Como qualquer nova invenção, a internet arrebatou imediatamente seus entusiastas com a ideia de que o jornal impresso estava com seus dias contados. Mas se esqueceu de convencer, de fato, os leitores. Pesquisa inédita realizada pela pesquisadora Simone Tuzzo, professora da Universidade Federal de Goiás (UFG), mostra que os jornais online não substituem o prazer e a credibilidade dos impressos. “Os leitores que preferem o impresso gostam do cheiro da tinta, do som de virar páginas, da textura do papel e da calma que traz a leitura do formato do jornal, sendo também um prazer para a visão”, diz a pesquisadora da UFG.

Durante a pesquisa, diz Simone Tuzzo, um dos fatores preponderantes para os leitores optarem pelos impressos é a maior veracidade das notícias que são veiculadas pela imprensa. Diante da internet, os jornais impressos sofrem bem menos com o efeito das “fake news” – a onda das notícias falsas que tomou as redes sociais e a própria internet.

O estudo foi resumido no livro “Os Sentidos do Impresso”, lançado no ano passado antes mesmo que estourasse o escândalo das falsas notícias que passaram a caracterizar as redes sociais em 2016. Sob a égide da pós-verdade, a mídia eletrônica passou a sofrer toda sorte de críticas quanto a veracidade, acurácia e objetividade do noticiário.

Simone Tuzzo, ao contrário, mergulhou no universo dos leitores de jornais, que, apesar das crises e da redução de circulação de parte dos impressos, enxergam neles verdadeiras fontes de informações confiáveis.
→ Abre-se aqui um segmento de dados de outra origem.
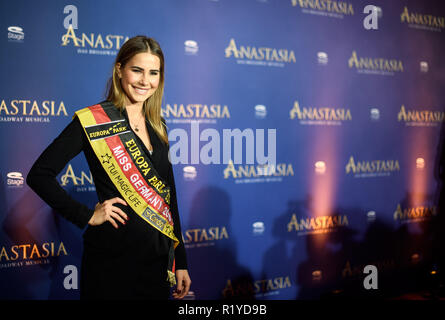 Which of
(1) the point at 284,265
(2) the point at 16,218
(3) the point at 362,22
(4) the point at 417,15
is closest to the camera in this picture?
(2) the point at 16,218

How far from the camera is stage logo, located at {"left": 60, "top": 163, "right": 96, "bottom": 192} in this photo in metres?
2.35

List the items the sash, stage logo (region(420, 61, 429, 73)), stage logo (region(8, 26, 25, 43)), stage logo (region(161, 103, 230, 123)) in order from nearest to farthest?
the sash
stage logo (region(8, 26, 25, 43))
stage logo (region(161, 103, 230, 123))
stage logo (region(420, 61, 429, 73))

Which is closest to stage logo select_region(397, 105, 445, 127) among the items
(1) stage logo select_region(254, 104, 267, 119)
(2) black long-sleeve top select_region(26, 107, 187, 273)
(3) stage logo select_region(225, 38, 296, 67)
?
(3) stage logo select_region(225, 38, 296, 67)

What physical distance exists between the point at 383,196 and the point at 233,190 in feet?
5.12

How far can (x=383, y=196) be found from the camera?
339cm

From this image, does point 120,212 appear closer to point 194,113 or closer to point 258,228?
point 194,113

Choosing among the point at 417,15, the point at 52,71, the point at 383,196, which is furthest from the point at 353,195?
the point at 52,71

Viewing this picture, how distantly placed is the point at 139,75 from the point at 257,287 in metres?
2.06

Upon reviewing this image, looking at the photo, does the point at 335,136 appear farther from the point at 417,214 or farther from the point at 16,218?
the point at 16,218

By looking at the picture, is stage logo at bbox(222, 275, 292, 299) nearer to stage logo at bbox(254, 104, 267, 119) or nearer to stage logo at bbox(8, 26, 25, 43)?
stage logo at bbox(254, 104, 267, 119)

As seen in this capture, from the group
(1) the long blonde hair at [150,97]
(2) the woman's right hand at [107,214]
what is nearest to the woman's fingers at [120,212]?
(2) the woman's right hand at [107,214]

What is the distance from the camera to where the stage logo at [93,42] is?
2.29 metres

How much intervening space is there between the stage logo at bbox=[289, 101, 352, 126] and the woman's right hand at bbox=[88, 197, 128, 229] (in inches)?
73.8

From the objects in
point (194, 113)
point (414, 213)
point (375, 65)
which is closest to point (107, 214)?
point (194, 113) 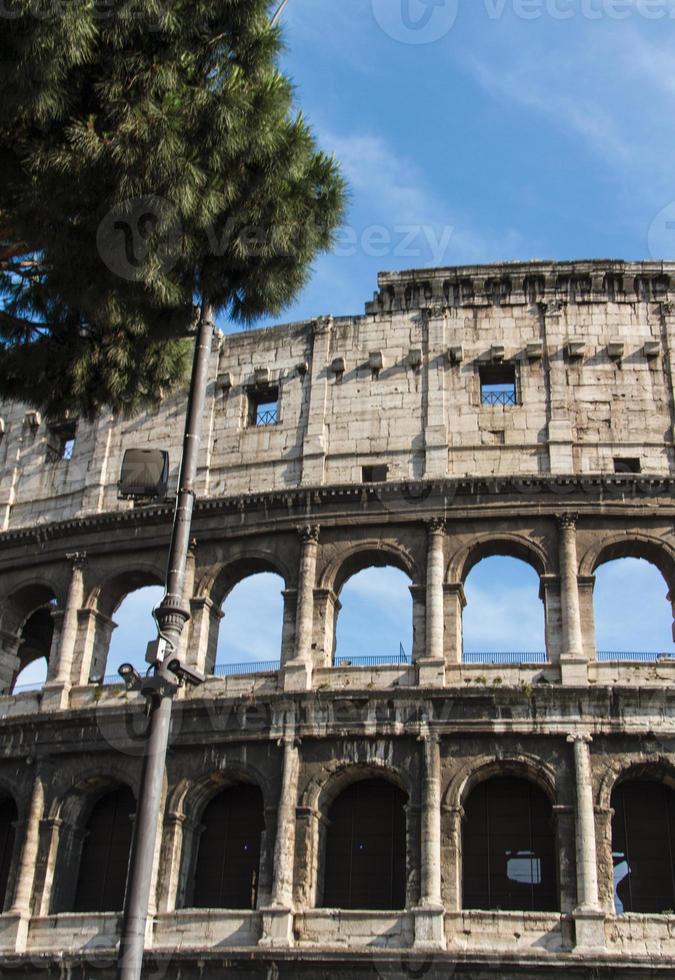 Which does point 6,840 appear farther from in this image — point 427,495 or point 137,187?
point 137,187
Conforme a pesquisa, os jornais online não devem substituir os impressos. Assim como as emissoras de tevê não conseguiram fazer o mesmo com as emissoras de rádio – mais ágeis para dar notícias do que as emissoras de tevê. “Por que alguém iria querer continuar a utilizar um veículo que só emitia som, se com a TV todos poderiam ter som e imagem? Ainda assim, o rádio está conosco até os dias atuais sem o menor sinal de que desaparecerá, isso porque soube se reinventar, se adequar às novas realidades”, exemplifica

O estudo de Tuzzo demonstra que os jornais impressos são estruturados e utilizados de um modo diferente. Muitas vezes, os leitores se interessam pela informação de forma surpreendente, principalmente pela forma com que as histórias são relatadas.
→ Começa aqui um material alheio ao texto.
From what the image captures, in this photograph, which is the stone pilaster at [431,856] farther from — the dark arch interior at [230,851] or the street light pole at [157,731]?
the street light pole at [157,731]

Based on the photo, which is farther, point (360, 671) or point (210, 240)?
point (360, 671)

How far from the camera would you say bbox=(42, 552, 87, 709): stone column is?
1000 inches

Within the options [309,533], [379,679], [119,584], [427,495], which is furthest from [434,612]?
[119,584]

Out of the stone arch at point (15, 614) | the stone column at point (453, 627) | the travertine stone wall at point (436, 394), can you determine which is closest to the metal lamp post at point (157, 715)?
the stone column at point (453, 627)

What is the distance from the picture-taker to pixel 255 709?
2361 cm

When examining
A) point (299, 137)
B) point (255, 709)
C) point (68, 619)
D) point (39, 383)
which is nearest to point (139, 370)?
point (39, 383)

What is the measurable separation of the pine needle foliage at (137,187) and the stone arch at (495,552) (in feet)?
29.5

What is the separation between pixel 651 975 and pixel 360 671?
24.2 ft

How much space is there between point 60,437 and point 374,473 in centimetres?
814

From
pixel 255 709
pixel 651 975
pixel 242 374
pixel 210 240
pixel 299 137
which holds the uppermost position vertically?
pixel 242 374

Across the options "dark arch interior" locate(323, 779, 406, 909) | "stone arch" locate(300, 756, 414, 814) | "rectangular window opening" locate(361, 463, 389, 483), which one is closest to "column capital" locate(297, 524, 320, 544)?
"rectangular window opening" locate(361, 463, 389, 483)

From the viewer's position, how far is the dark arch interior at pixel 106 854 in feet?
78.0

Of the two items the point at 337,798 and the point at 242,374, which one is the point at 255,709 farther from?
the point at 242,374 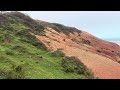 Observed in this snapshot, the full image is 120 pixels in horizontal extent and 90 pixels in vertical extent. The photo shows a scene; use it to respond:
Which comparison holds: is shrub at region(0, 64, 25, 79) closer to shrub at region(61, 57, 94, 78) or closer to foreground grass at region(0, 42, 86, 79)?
foreground grass at region(0, 42, 86, 79)

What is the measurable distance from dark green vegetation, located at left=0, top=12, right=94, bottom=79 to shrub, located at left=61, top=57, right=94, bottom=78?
0.51ft

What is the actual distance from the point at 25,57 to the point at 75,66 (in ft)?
12.2

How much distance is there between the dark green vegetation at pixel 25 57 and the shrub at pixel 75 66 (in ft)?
0.51

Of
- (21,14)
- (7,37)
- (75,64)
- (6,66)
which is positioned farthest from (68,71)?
(21,14)

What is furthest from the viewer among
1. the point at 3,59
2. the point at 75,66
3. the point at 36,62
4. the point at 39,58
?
the point at 75,66

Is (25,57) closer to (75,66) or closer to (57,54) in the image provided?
(75,66)

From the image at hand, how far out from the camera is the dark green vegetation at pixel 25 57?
20281 millimetres

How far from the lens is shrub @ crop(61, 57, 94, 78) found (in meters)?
24.0

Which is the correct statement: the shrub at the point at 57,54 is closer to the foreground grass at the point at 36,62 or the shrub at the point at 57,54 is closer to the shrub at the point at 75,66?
the foreground grass at the point at 36,62

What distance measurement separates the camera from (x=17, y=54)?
24.6 metres

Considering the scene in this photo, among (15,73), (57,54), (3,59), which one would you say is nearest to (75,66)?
(57,54)

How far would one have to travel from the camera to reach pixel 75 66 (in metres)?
25.5

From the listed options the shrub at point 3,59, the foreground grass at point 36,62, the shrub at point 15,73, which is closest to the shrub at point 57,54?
the foreground grass at point 36,62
A maioria dos entrevistados pela professora credita ao jornalismo impresso maior veracidade das informações do que aquelas transmitidas por meios eletrônicos, o que corroborou, antes do boom desta discussão, a queda de credibilidade dos veículos que se sustentam apenas em ambientes digitais.

CRITÉRIOS

A pesquisa de Tuzzo, na verdade, procura estabelecer os critérios que levam ainda alguém a adquirir um impresso. Além do fator conteudístico, já que as plataformas digitais ainda não se desenvolveram por meio de outros gêneros jornalísticos (caso da reportagem e do jornalismo opinativo), existe uma forte relação sensorial entre os leitores. Ou seja, o hábito de tomar café e folhear um jornal é mais forte do que muitos imaginam.

Para Tuzzo, as notícias até podem ser disponibilizadas de graça nas redes sociais, mas jamais terão impacto que as fizeram atravessar gerações e manter as audiências públicas interessadas em sua leitura. A pesquisadora entende que os veículos impressos tendem a ocupar cada vez mais o espaço da crítica e da análise – elementos que não conseguiram ser absorvidos pelas redes – especialistas em notícias, mas notícias muitas vezes falsas ou adulteradas.

Resenha

Os Sentidos do Impresso

4-2

Os Sentidos do Impresso são explorados de modo minucioso e atual neste livro que apresenta um ângulo analítico dos jornais impressos tencionando-os com a realidade dos meios digitais. A obra é uma evolução investigativa sobre opinião pública calçada nas lógicas do jornal impresso dentro do panorama contemporâneo, executado pela professora Dra. Simone Antoniaci Tuzzo. Trata-se ainda do quinto volume da coleção “Rupturas Metodológicas para uma Leitura Crítica da Mídia”, desenvolvido pelos Programas de Pós-Graduação em Comunicação da Universidade Federal de Goiás – UFG e Universidade Federal do Rio de Janeiro – UFRJ.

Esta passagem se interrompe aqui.